ABOUT THIS TASK
After finding the line that holds "CT license plate AF30762" below, set down that line and the rest through the final one exactly, leaving the pictures out.
[GIVEN INFORMATION]
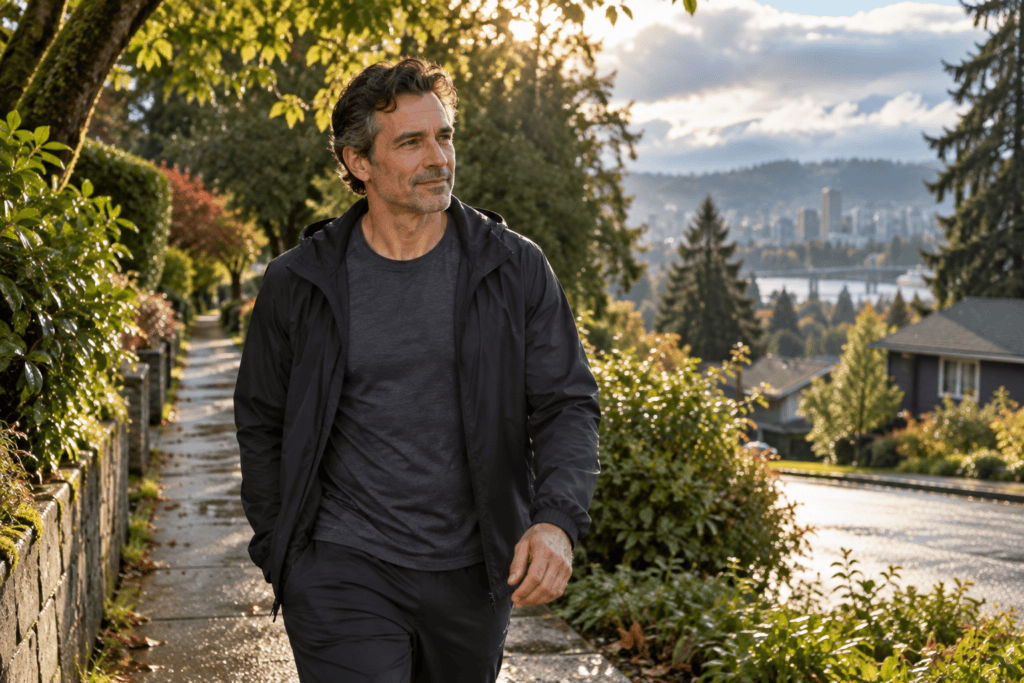 Man taking a relaxed morning walk outdoors after rain in Portland.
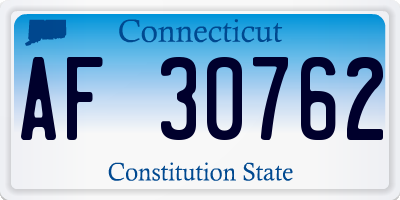 CT license plate AF30762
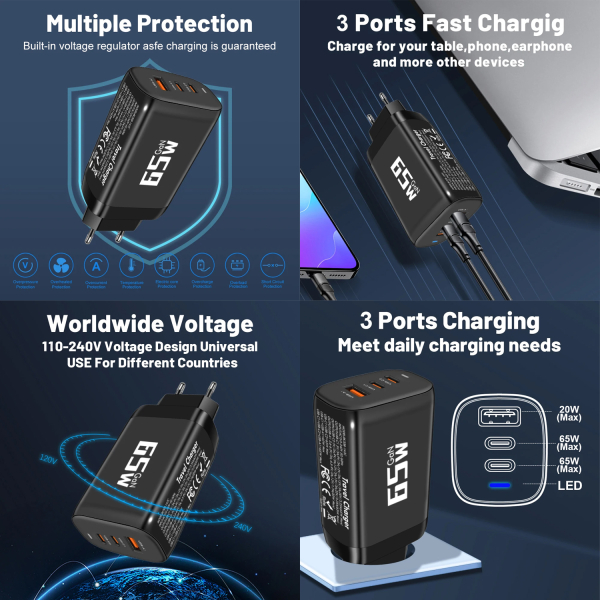 Фото - Зарядка 65Вт GaN, QC3.0, PD, PD 3.0, SuperVOOC 1.0, SuperVOOC 2.0, USB type C для телефону з кабелем 2м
[/GIVEN INFORMATION]
WRITTEN ANSWER
 CT license plate AF30762
 Фото - Зарядка 65Вт GaN, QC3.0, PD, PD 3.0, SuperVOOC 1.0, SuperVOOC 2.0, USB type C для телефону з кабелем 2м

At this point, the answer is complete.